Al tempo della sua visita, Roma dominava il mondo. Era il centro degli affari, della politica e del potere militare. Paolo si trovò nel mezzo di una città molto esigente eppure molto assetata della Parola di Dio. Di conseguenza, doveva compiere il suo obiettivo. È scritto, «E, avendogli fissato un giorno, vennero a lui nel suo alloggio in gran numero; ed egli dalla mattina alla sera annunziava loro il regno di Dio rendendo testimonianza e cercando di persuaderli per mezzo della legge di Mosè e per mezzo dei profeti, riguardo a Gesù» (Atti 28:23).

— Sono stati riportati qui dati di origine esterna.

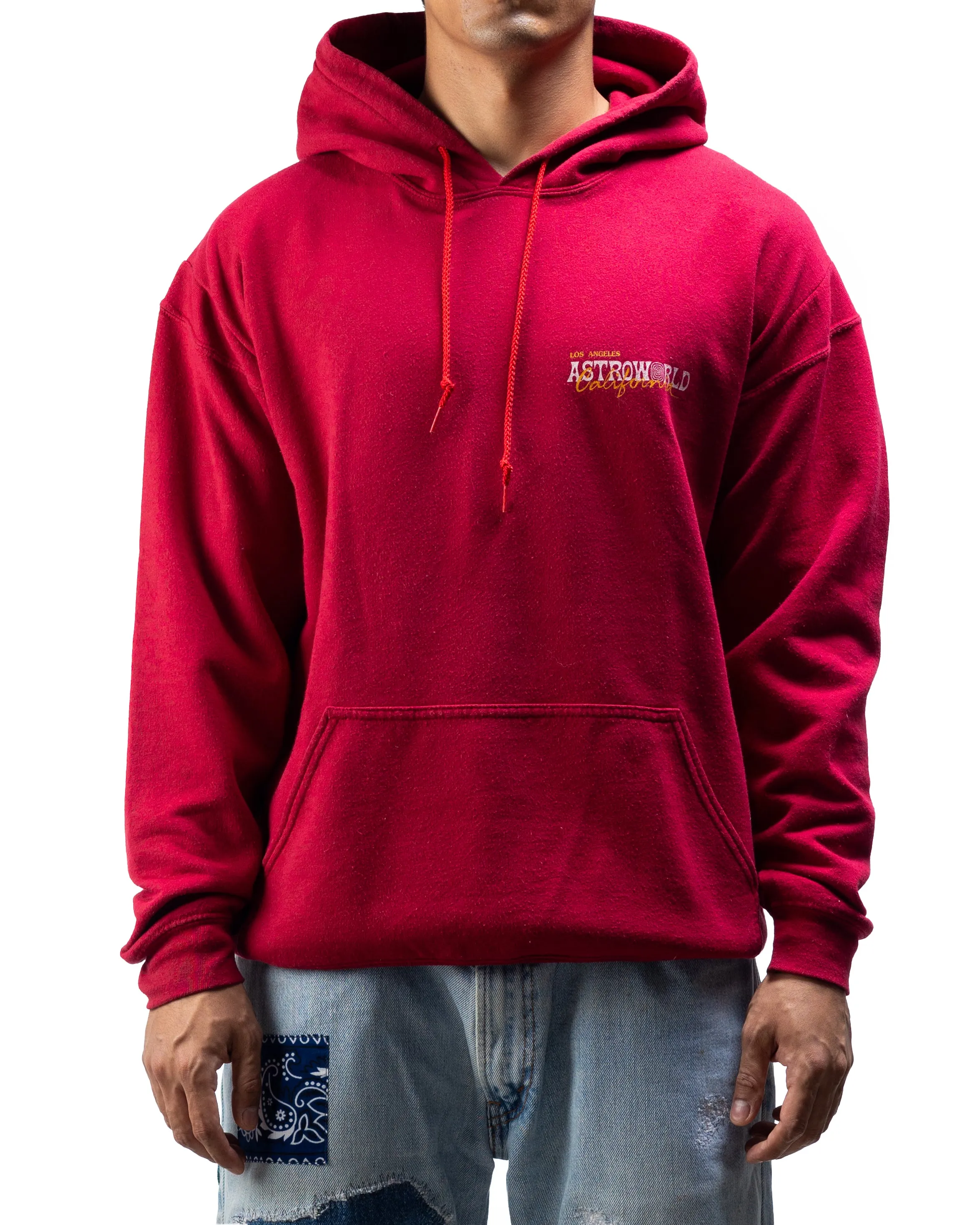 Travis Scott Astroworld Hoodie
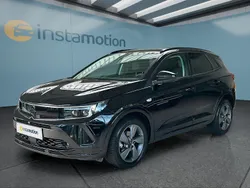 Schwarz Gebraucht 2024 Opel Grandland X SUV | 24.749 € (Fairer Preis)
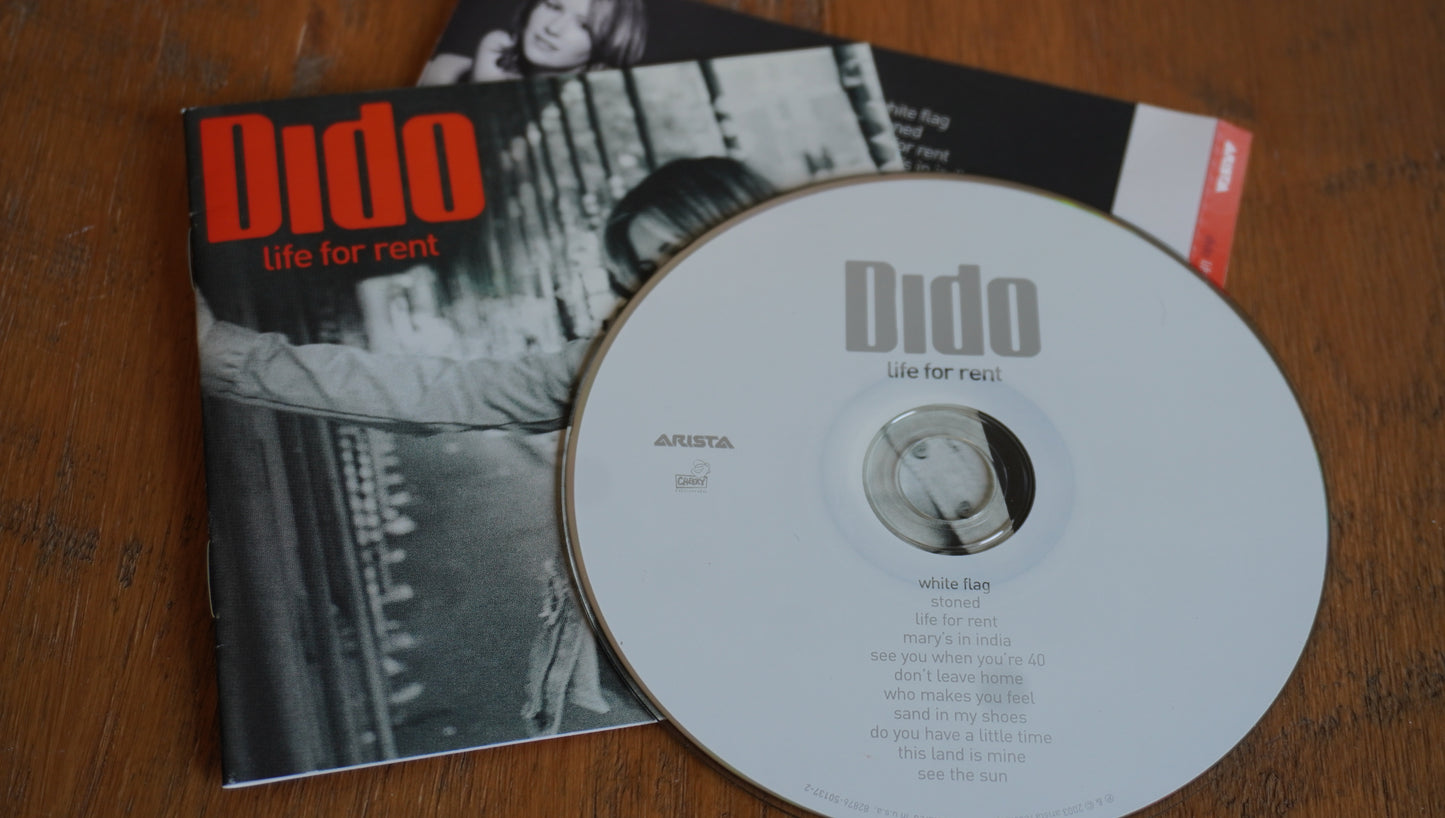 Dido - Life for Rent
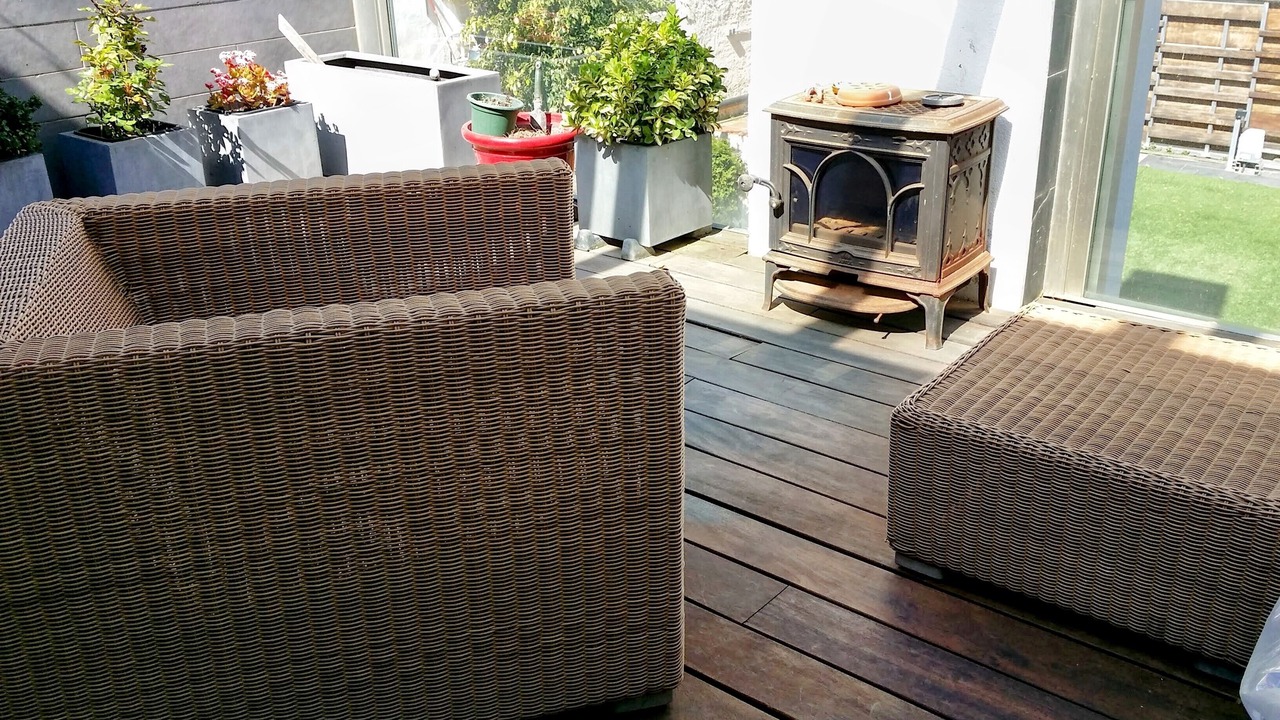 Photo of Patio Balcony in Vilassar de Mar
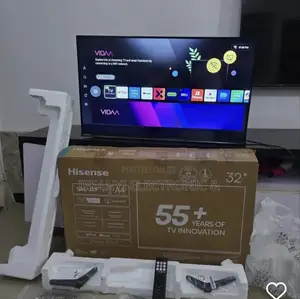 Hisense 32 Inch FHD A4s Smart TV - Brand New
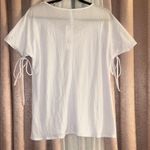 Ny Collection NWT  Size L V-Neck Boho Top Photo 6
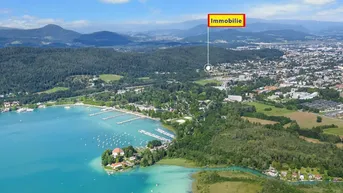 Expose KREUZBERGL - Seenahe 4-ZI-Maisonette mit Doppelcarport
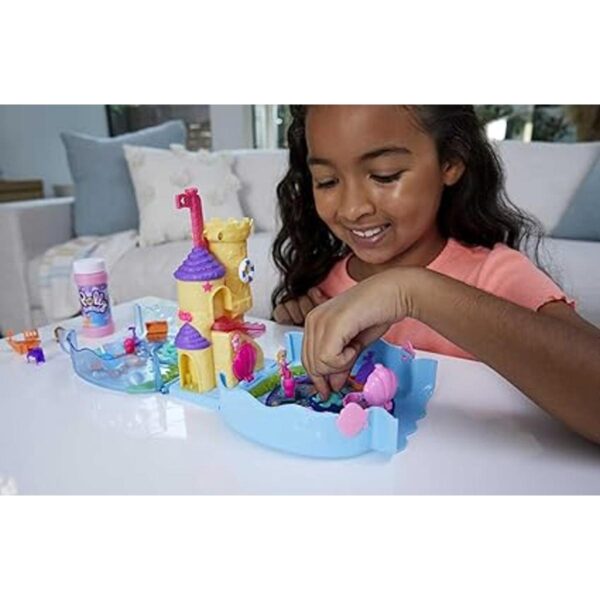 Polly Pocket Acuario de burbujas con tema submarino 2_2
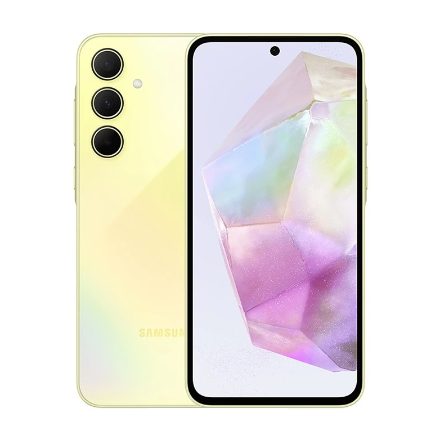 گوشی موبایل سامسونگ Galaxy A35 5G ظرفیت 128 گیگابایت رم 6 گیگابایت
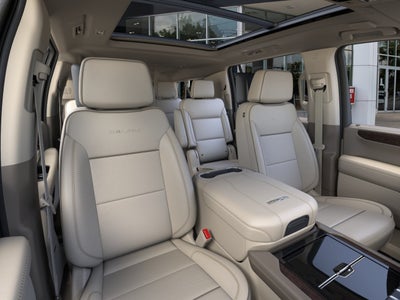 2027 GMC Yukon XL Denali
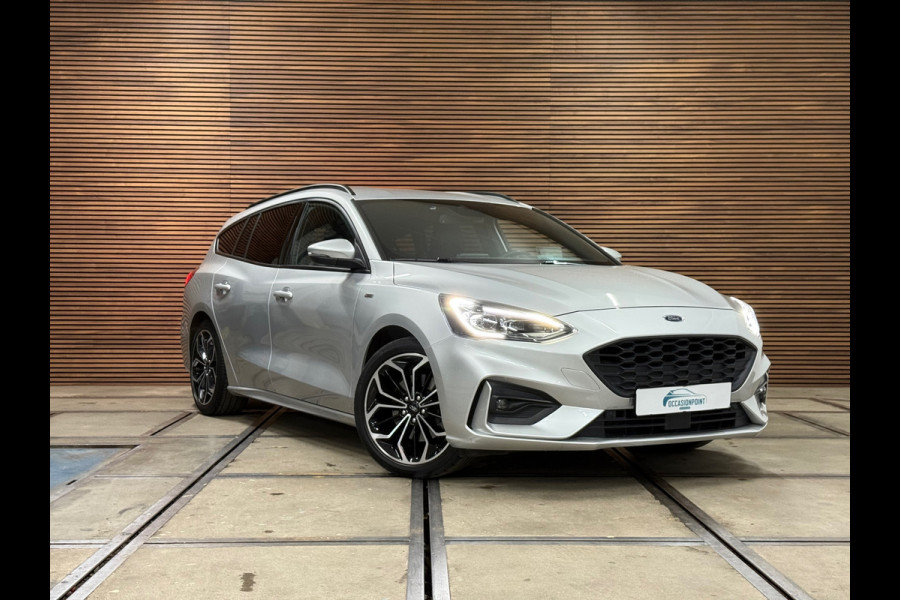 Ford FOCUS Wagon 1.5 EcoBoost ST Line Business | Sportstoelen | 18'inch | Navigatie | HUD | Adaptive Cruise Control | Camera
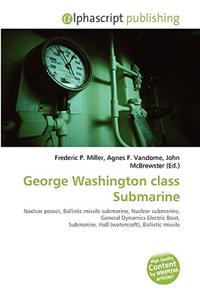 George Washington Class Submarine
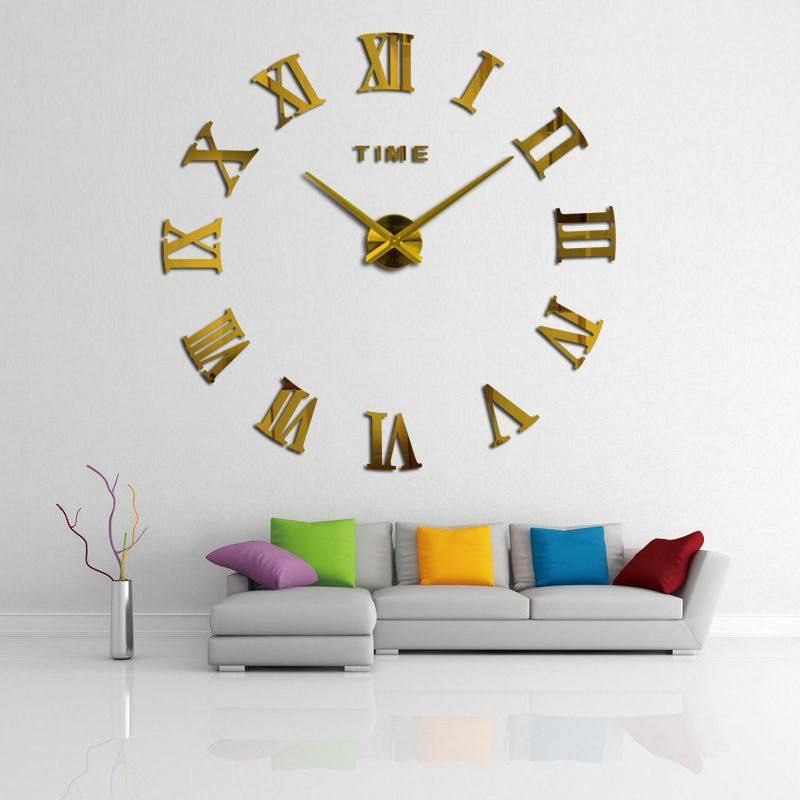 Diy Wall Clock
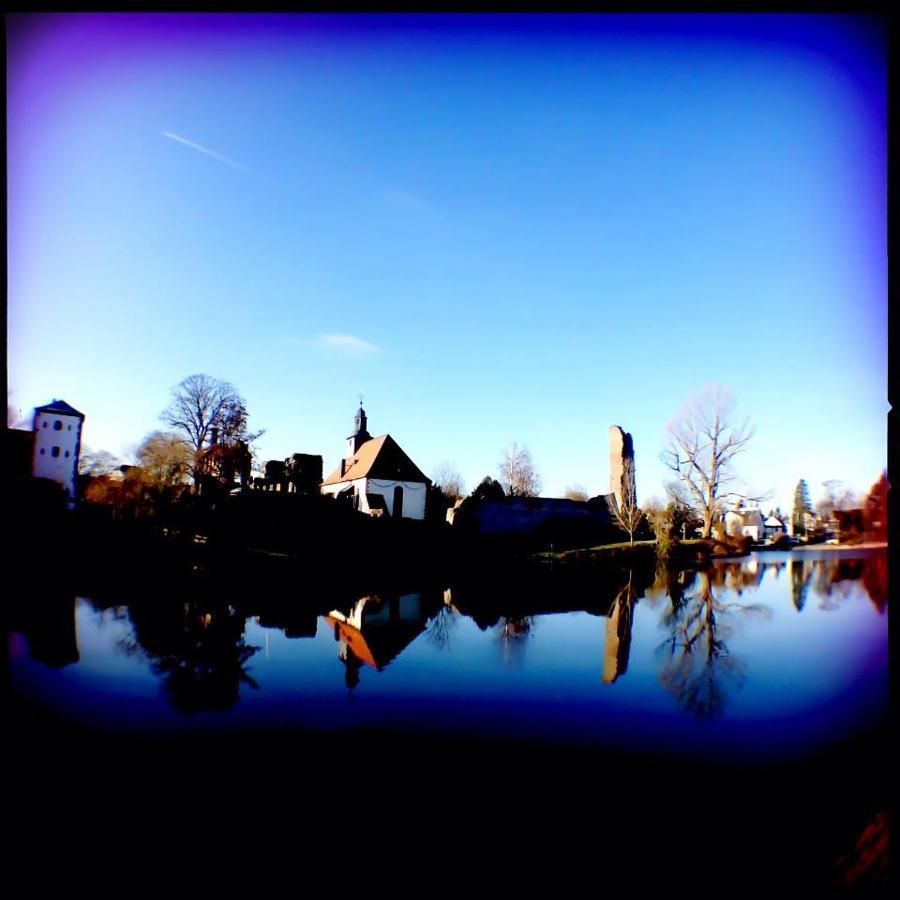 Hexenhaeuschen Dreieichenhain 外观 照片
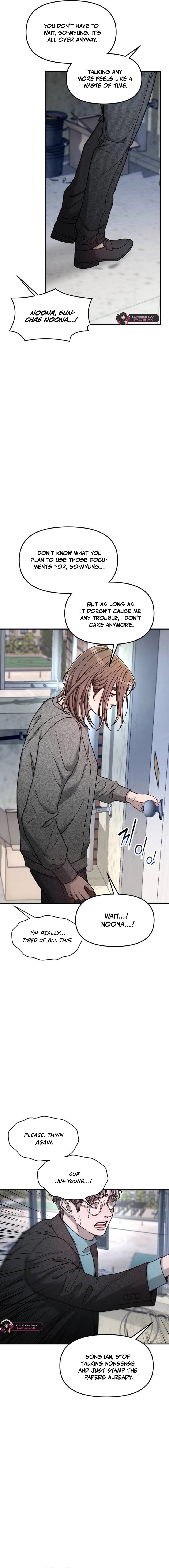 Look Alike Daughter Chapter 153 page 3 - 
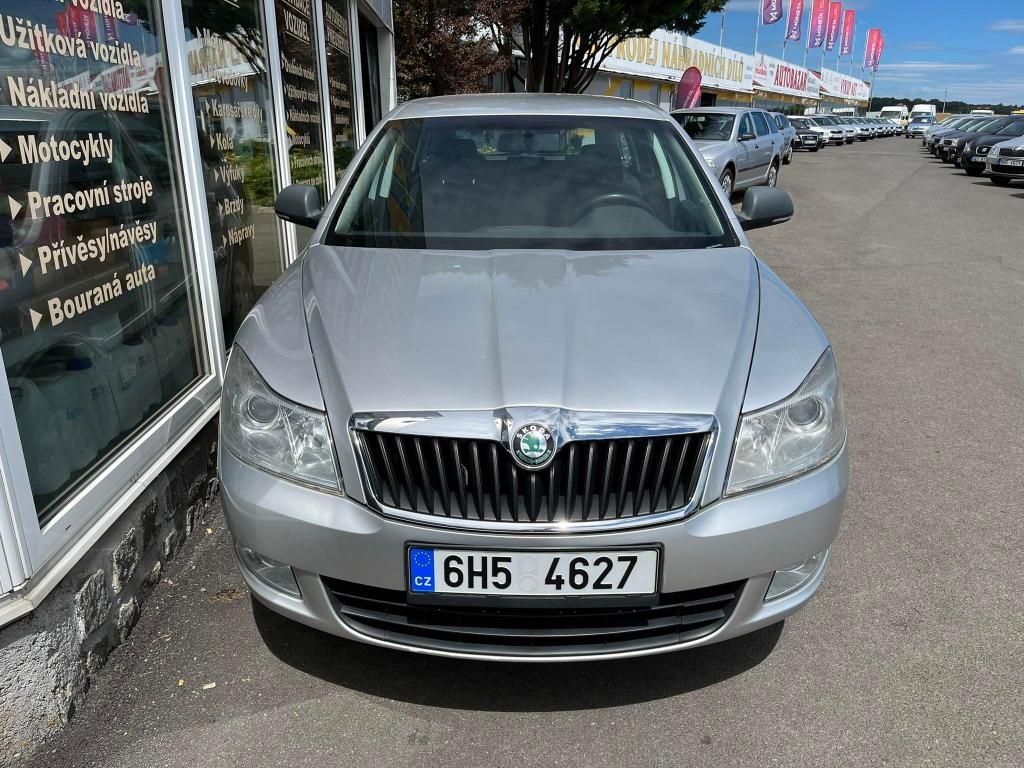 Škoda Octavia, 1.8TSI - fotka 2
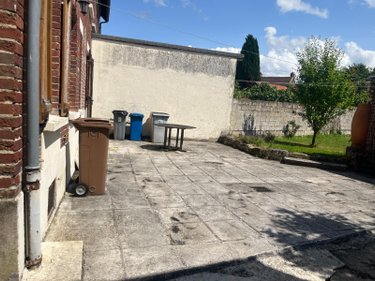 Maison a vendre Anizy-le-Grand 02320 Aisne 134 m2 6 pièces 146000 euros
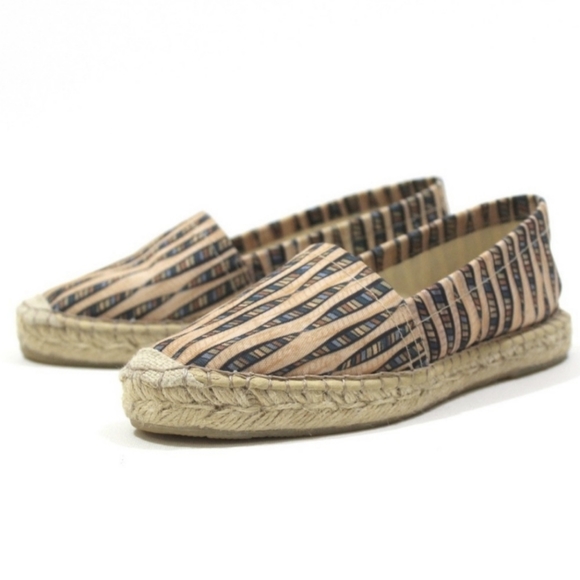 Miz Mooz Shoes - Nordstrom Miz Mooz Barcelona Collection patterned espadrille flats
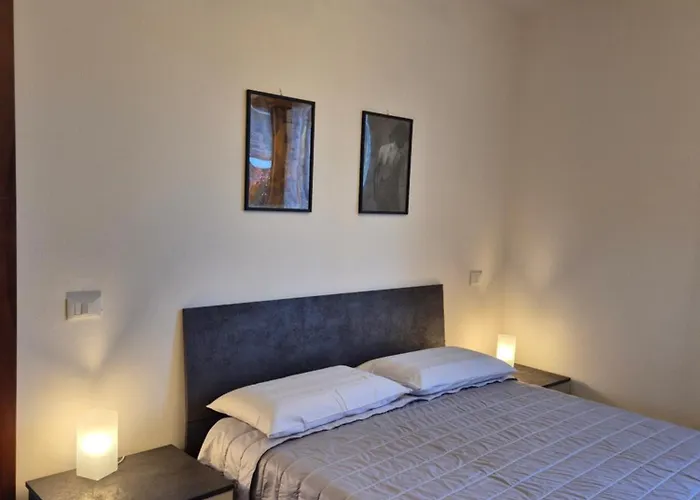 Ferienwohnung Casa Muzz Vignola Foto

Anche se Paolo era arrivato a Roma in catene, fece la sua parte come missionario. Oggi, potremmo non essere in catene o dietro le sbarre. Ma le sfide affrontate da Paolo, le tribolazioni che attraversò, e i passi che prese per compiere i suoi obiettivi, continuano ad informarci molto sull’opera missionaria, come individui e come chiesa.

Rispondi

  1. Che cosa dobbiamo scrollarci di dosso per lavorare efficacemente per Cristo?
  2. In che modo Dio si assicurava che Paolo fosse al sicuro, anche nelle fredde celle della prigione?

Venerdì 6 ottobre

ESPLORAZIONE

Coraggio di condividere?

di Cassi Fitzpatrick, Lincoln, Nebraska, U.S.A.

Filippesi 1:12–14

ESPLORAZIONE

Le catene di Paolo erano una testimonianza della sua fede nelle Scritture e nel piano della salvezza di Dio. «E la maggioranza dei fratelli nel Signore, incoraggiati dalle mie catene, hanno avuto più ardire nell’annunciare senza paura la parola di Dio» (Filippesi 1:14). Paolo scelse di vedere l’afflizione e il dolore che aveva vissuto come un vantaggio per costruire il regno di Dio. Dio trasformò la «sfortuna» di Paolo in fortuna. Ed essa « . . . ha piuttosto contribuito al progresso del vangelo» (Filippesi 1:12). Paolo era disposto a seguire il suo creatore e avere fede nel piano di suo Padre — fede che Dio non l’avrebbe mai lasciato o abbandonato (Deuteronomio 31:6). Questo atto di fede ha ispirato persone in tutto il mondo! Le sue catene si rivelarono essere la sua più grande risorsa! Oggi, la nostra perseveranza personale e fede nell’amore di Dio per noi nelle nostre difficoltà possono servire come testimonianza del suo amore e della sua potenza che aiuta attraverso i nostri problemi. Hai il coraggio di condividere quello che Dio ti sta aiutando a superare nella tua vita? Hai il coraggio di condividere il messaggio della salvezza di Dio? Hai l’opportunità di fare una differenza. Ne hai il coraggio?

PROVA A

  • Trascrivere la tua testimonianza ed evidenziare i momenti cruciali nel tuo cammino spirituale che hanno avuto il significato più grande per te.
  • Tenere la tua testimonianza scritta a portata di mano e cercare opportunità per condividere la tua storia faccia a faccia o con un gruppo.
  • Cercare online e in chiesa opportunità per diffondere il vangelo attraverso un viaggio missionario o lavoro sociale, localmente.
  • Invitare un amico a passare del tempo insieme e chiedere del suo viaggio personale con Dio. Questo può dare al tuo amico l’opportunità di condividere il messaggio di Dio. Potrebbe anche essere esattamente quello che avevi bisogno di sentire come incoraggiamento spirituale!
  • Fare un disegno come preghiera a Dio. Usa matite colorate e rendilo vivace. Mostra a Dio quello che hai nel cuore e mostragli idee su come vuoi essere un testimone per il suo regno.
  • Catturare in uno scatto o in un selfie come condividi il messaggio di Dio (una foto del tuo posto di volontariato preferito, materiali biblici, o la chitarra che usi per l’evangelizzazione). Sii creativo! Posta la tua foto su Instagram o Facebook: #CQdaretoshare.

CONSULTA

Marco 16:15–19; Salmo 96

Ellen G. White, La via della guarigione, cap. 42; La via della guarigione, pp. 369-370; Le parabole, pp. 251-253.